I do, I really do. In fact, in my eyes, no one else loves their kids as much as I love mine. I mean, I would literally die for them- now that’s true love. Yes, I am the mom that gets sappy at all the events from preschool graduations to dance recitals and everything else in between. I cherish all of our memories because I know they won’t be small forever. Hell, two of them are more than halfway to 18 as it is. They make me laugh every.single.day and I’m fully convinced my life would be dull and boring without my crew.
What I don’t love
Arguing, fighting, screaming- oh my! With four ladies under one roof, there is never a dull moment in our house. Between mood swings and hormones, it’s safe to say that someone here whines or cries at least once a day- the tough husband can be included in this. Sometimes the stress of it all makes me want to scream vulgarities at my little people. Usually, it’s really small things that make the biggest tears {why is that??}, which is triple irritating to this mama bear. Is it so wrong that I ask them to pick up their room? Their own mess? How about actually trying to help them with something, ever have that backfire in your face? I have. I mean I’m not trying to brag, but I once ruined my daughter’s entire day by handing her the wrong pair of socks while trying to help her get dressed.
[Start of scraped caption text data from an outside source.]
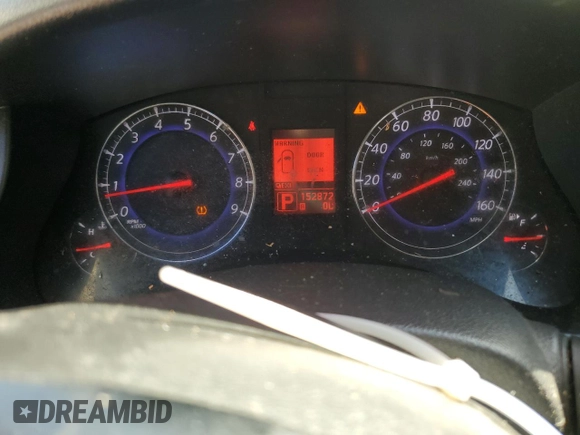 2010 Infiniti EX Journey with VIN JN1AJ0HP6AM703344, listed as a Copart auction lot 76989854 with 152,872 mi miles and Salvage Title. Bid and sale history available at DreamBid. Image 9.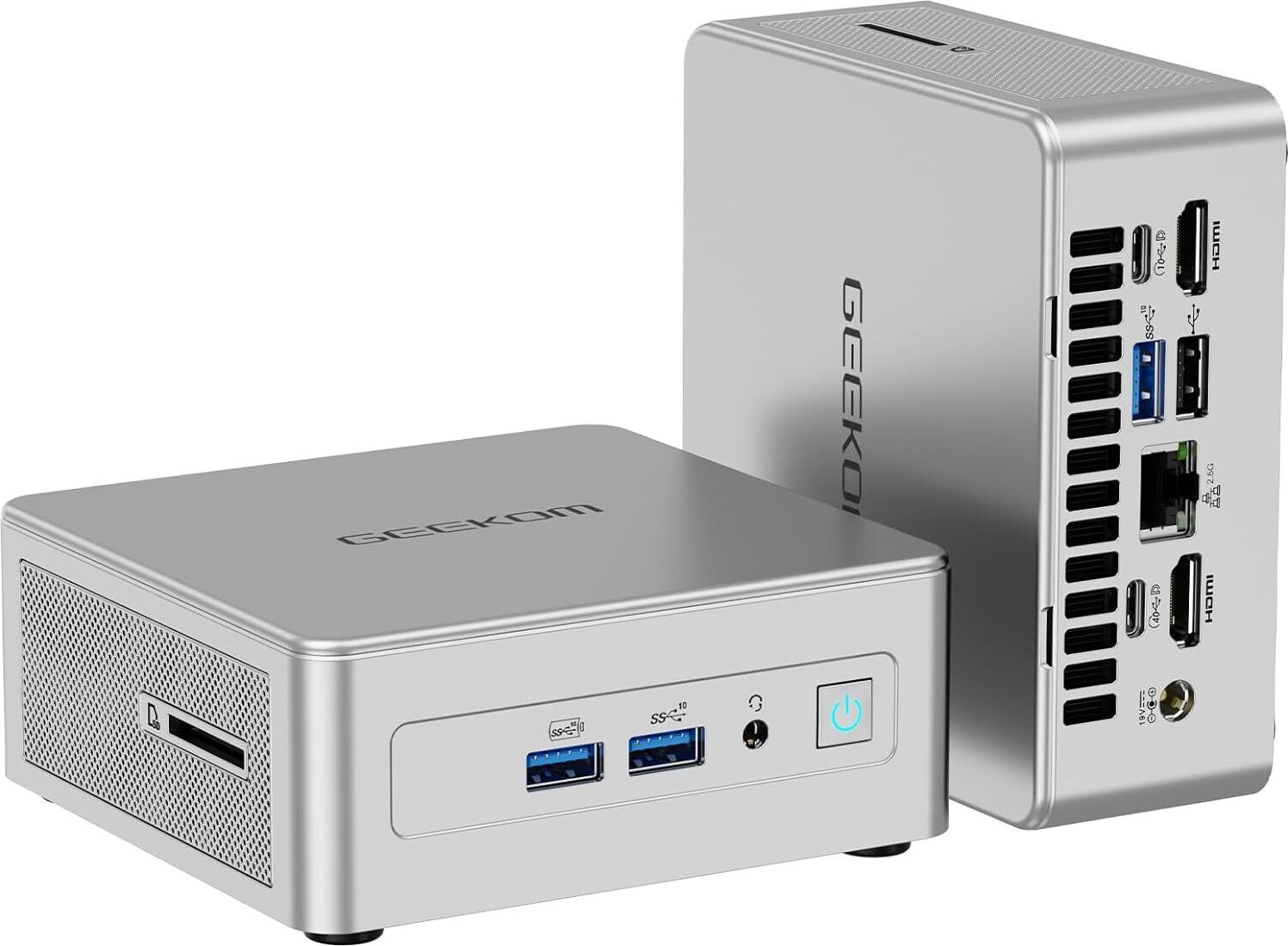 GEEKOM AE8 Mini PC, AE8 AMD Ryzen 7 8845HS Mini počítač (8 jadier 16 vlákien, až 5,1 GHz), 32 GB DDR5 5600MHz Max.2TB SSD Mini PC Windows 11,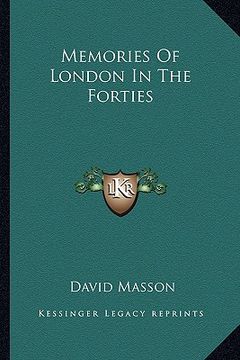 portada memories of london in the forties (in English)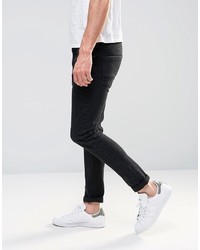 schwarze enge Jeans von Asos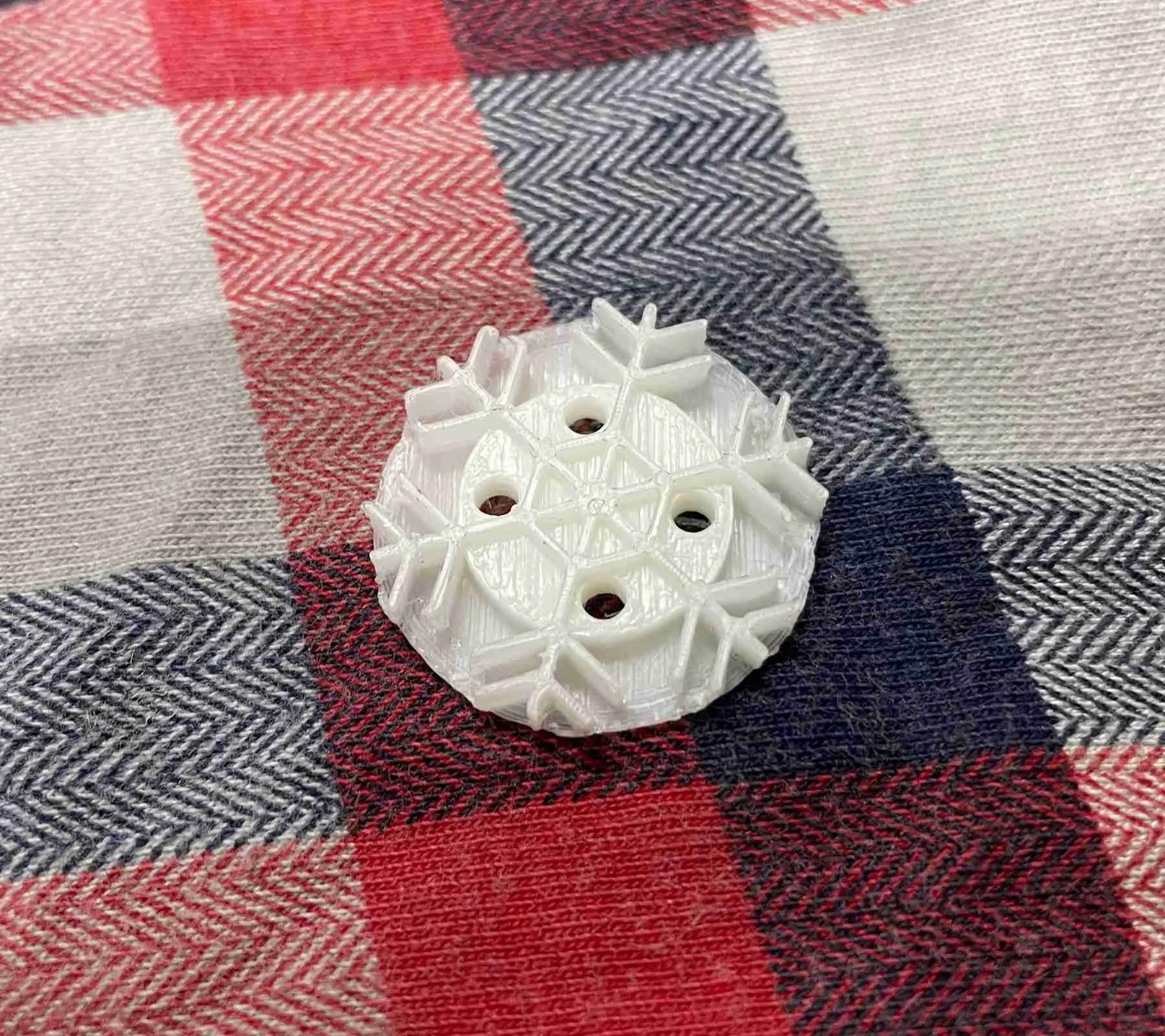 Winter is coming - button snowflake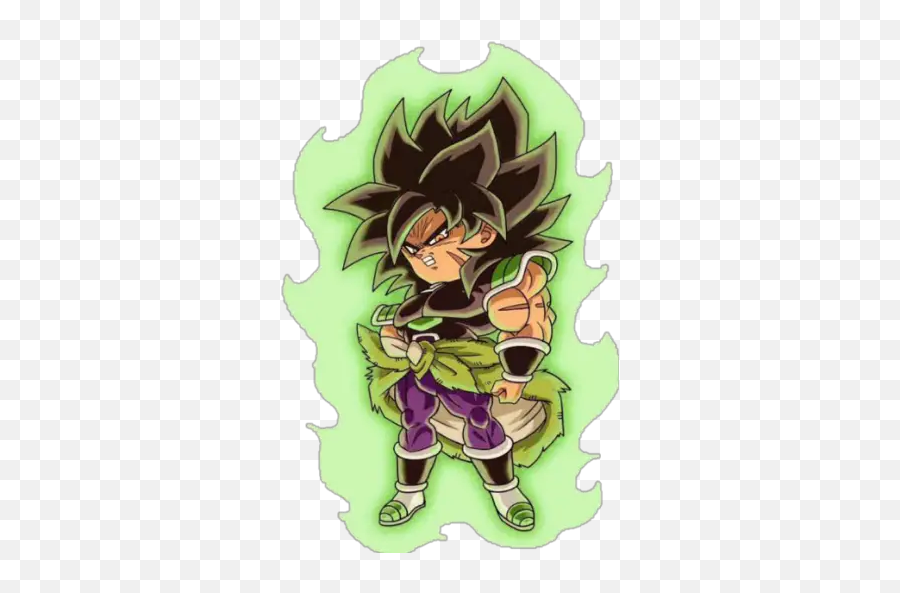 Broly Stickers For Whatsapp - Dragon Ball Chibi Gif Emoji,Anime Coffee Emoji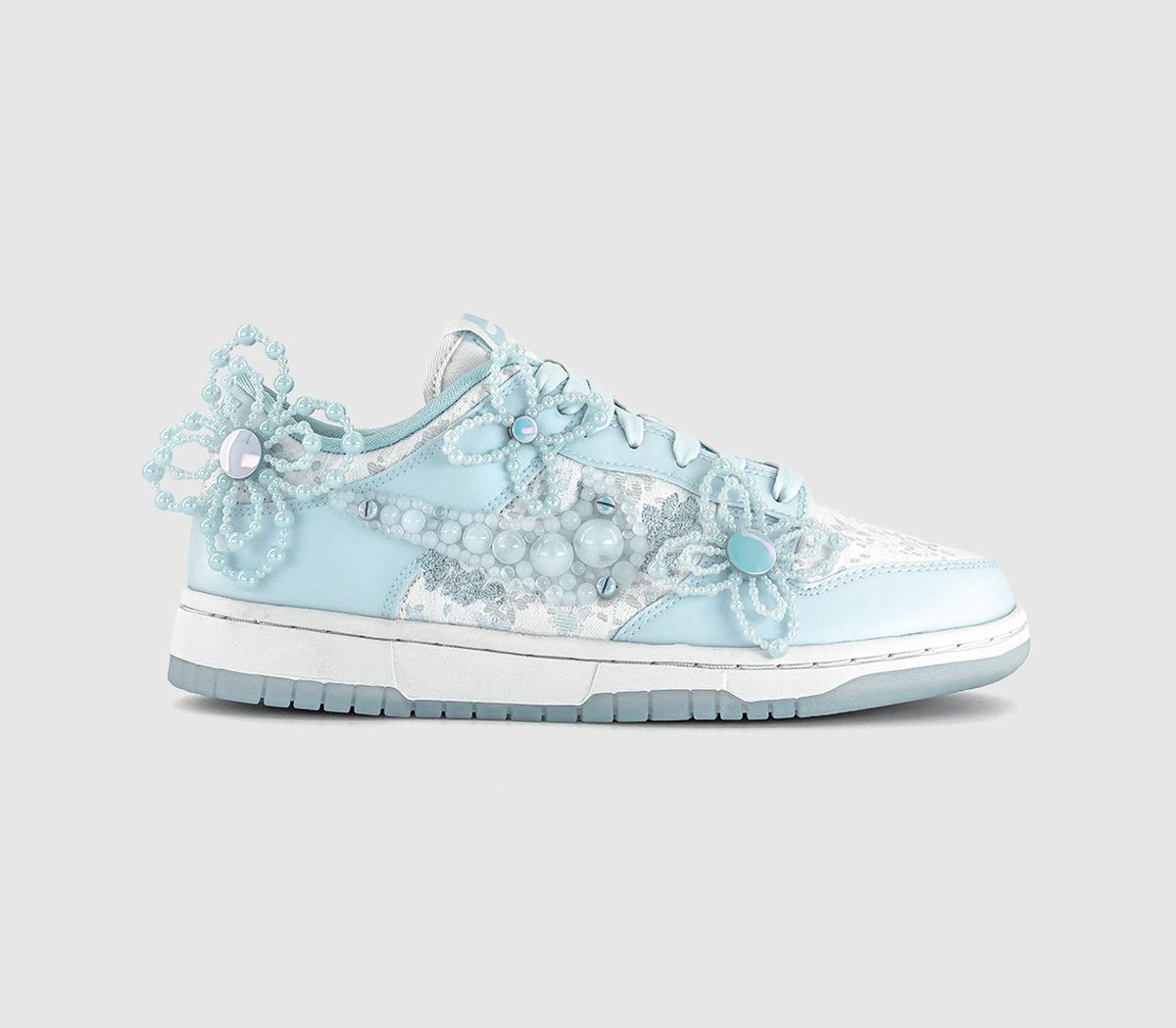 NikeDunk Low TrainersSummit White Blue Tint Wolf Grey
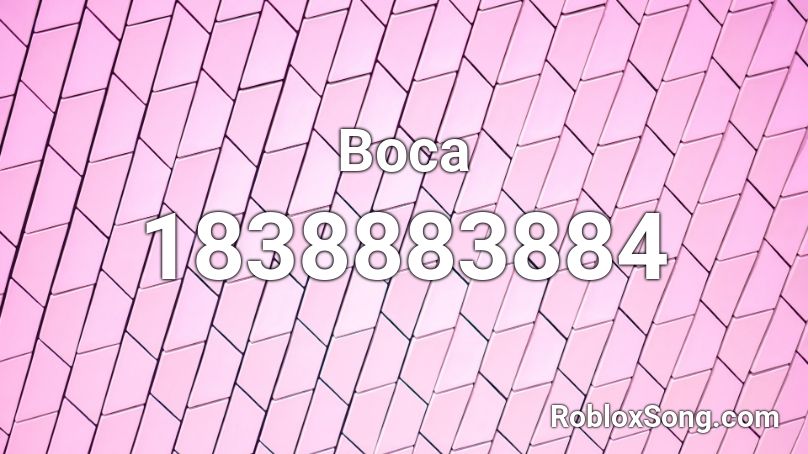 Boca Roblox ID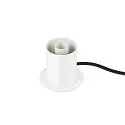 Bordlampe VARYT rund, uden skærm E14, hvid dæmpbar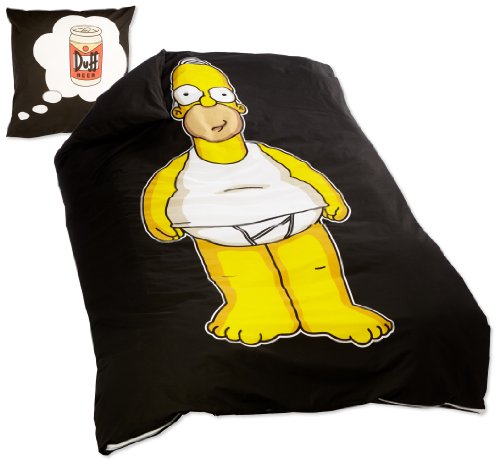 United Labels 0109452 Los Simpson - Juego de Funda nórdica con diseño de Homer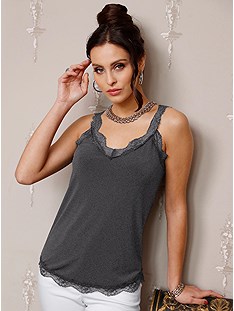 Lace Trim Tank Top product image (505766.GY.1.1_WithBackground)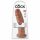 King Cock 10 - Stor sugekopdildo (25cm) - mørk naturlig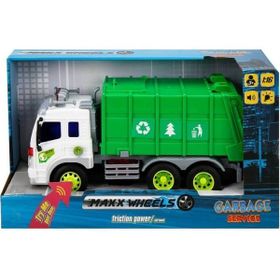 Maxx Wheels 13078 1:16 Sesli ve Işıklı Geri Dönüşüm Kamyonu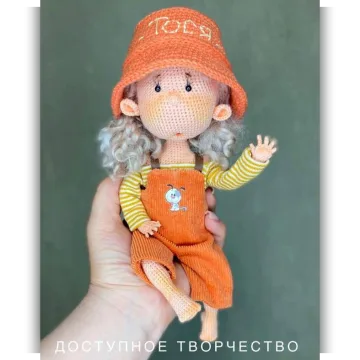 Кукла Тося с подвижным телом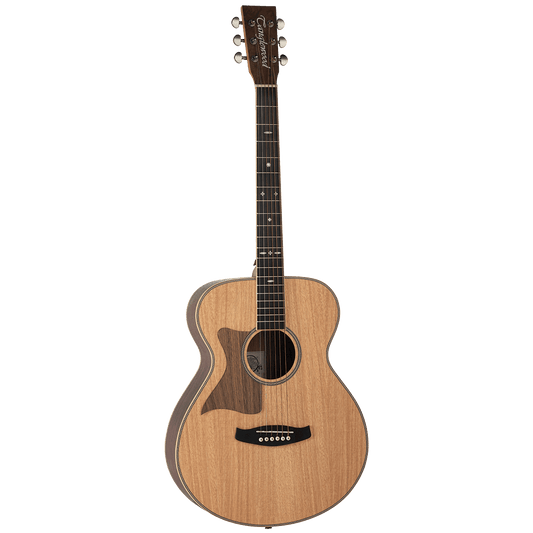 Tanglewood TRFHRLH Reunion Australian Red Cedar Top Folk with Hawaiian Rain Wood B/S Left Handed Tanglewood Guitars Acoustic Guitars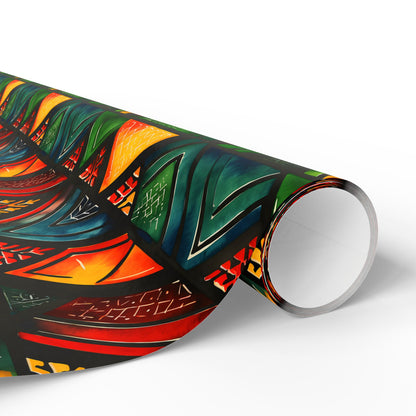 Ancestor Echo Kwanzaa Wrapping Paper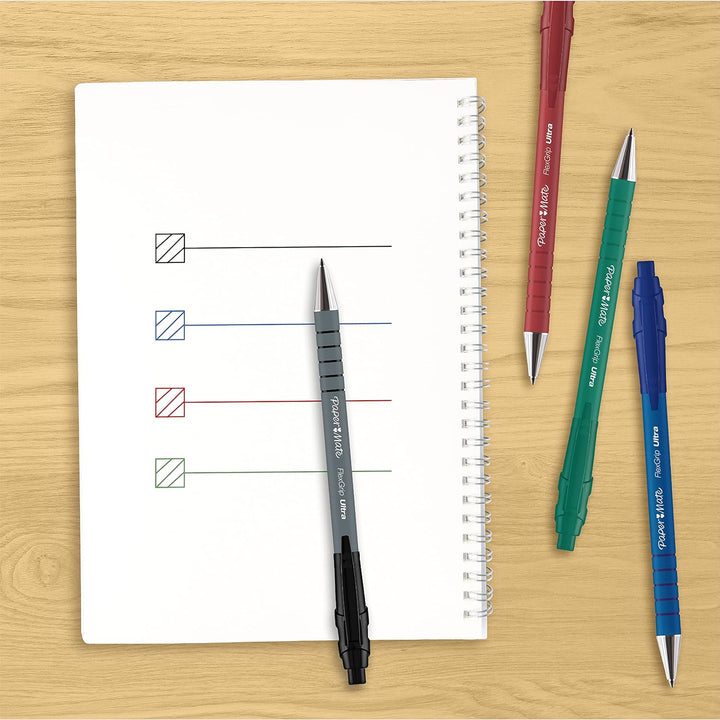 Paper Mate Flexgrip Ultra-Druckkugelschreiber | mittlere Spitze (1,0 mm) | schwarz | 36 Stück Mittle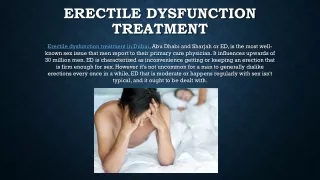ERECTILE Dysfunction Treatment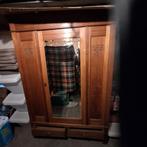 Antiek eiken vestiaire/hal kast, Ophalen, Gebruikt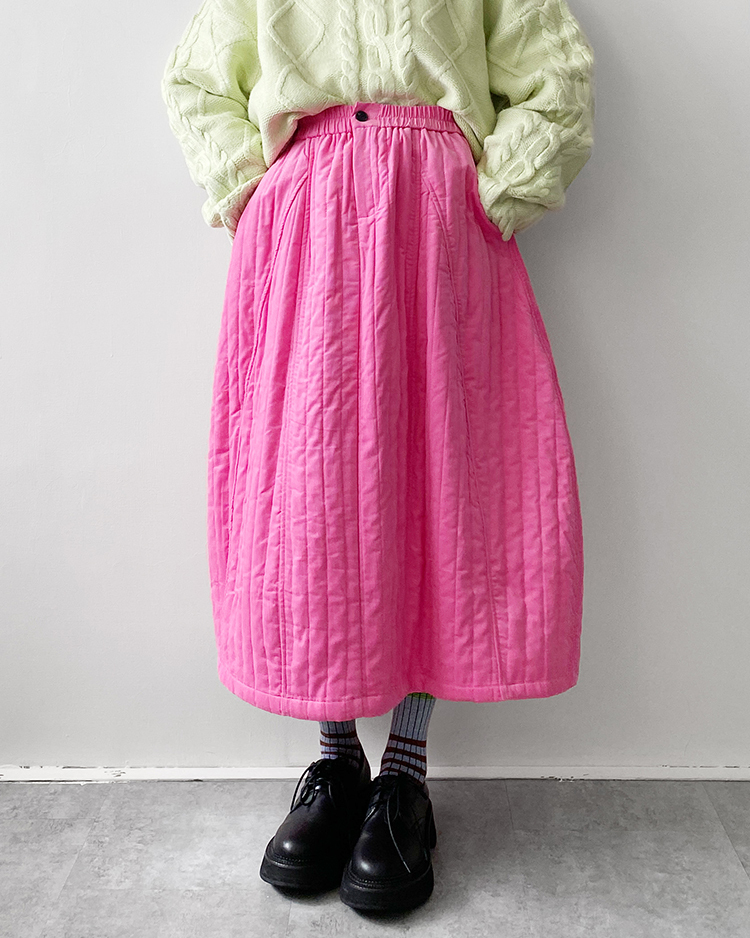 MFS-2853 绗棉燈芯絨長裙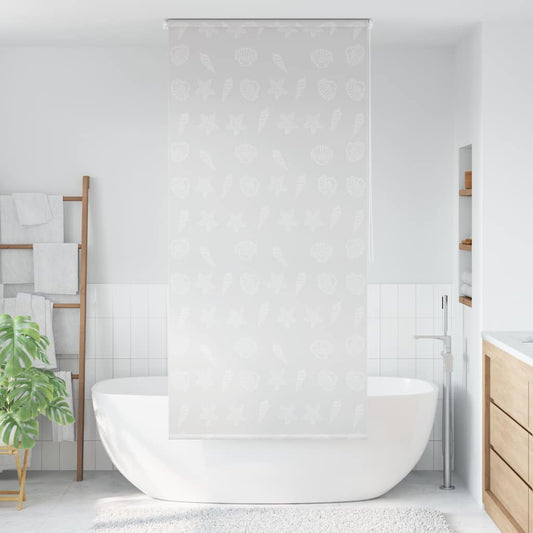 Duschrollo 80x240 cm Seesternmuster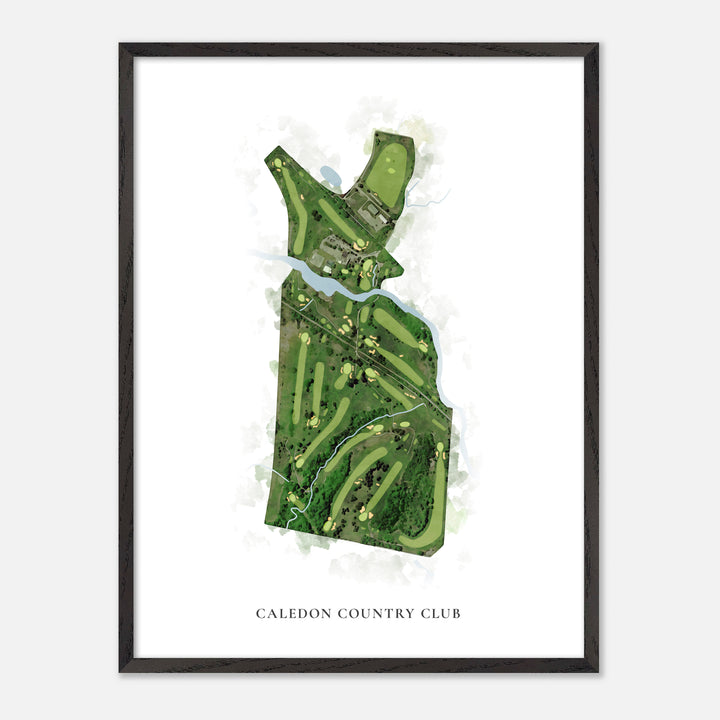 Print of Caledon Country Club Classic Map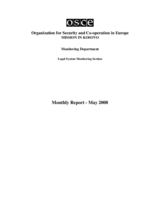 Legal System Monitoring Section Monthly Report - May 2008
That takes talent, my friends.
Real Talk
I used to hate the saying, “the days are long, but the years are short,” but it’s so TRUE. There have been many days that I thought would never end but when I look back at the years, it’s astonishing to me how fast it truly flies by. So yeah, sometimes my kids drive me bonkers and I want to cuss them out. But at the end of the day, they’re just kids learning how to navigate in our crazy world and the logical side of my brain tells me cussing them out isn’t going to do anyone any good. For now, I will just mutter those bad words under my breath and keep plugging away, trying to bring up good members of society. But maybe get back with me in a few years, when we are knee deep with three teens.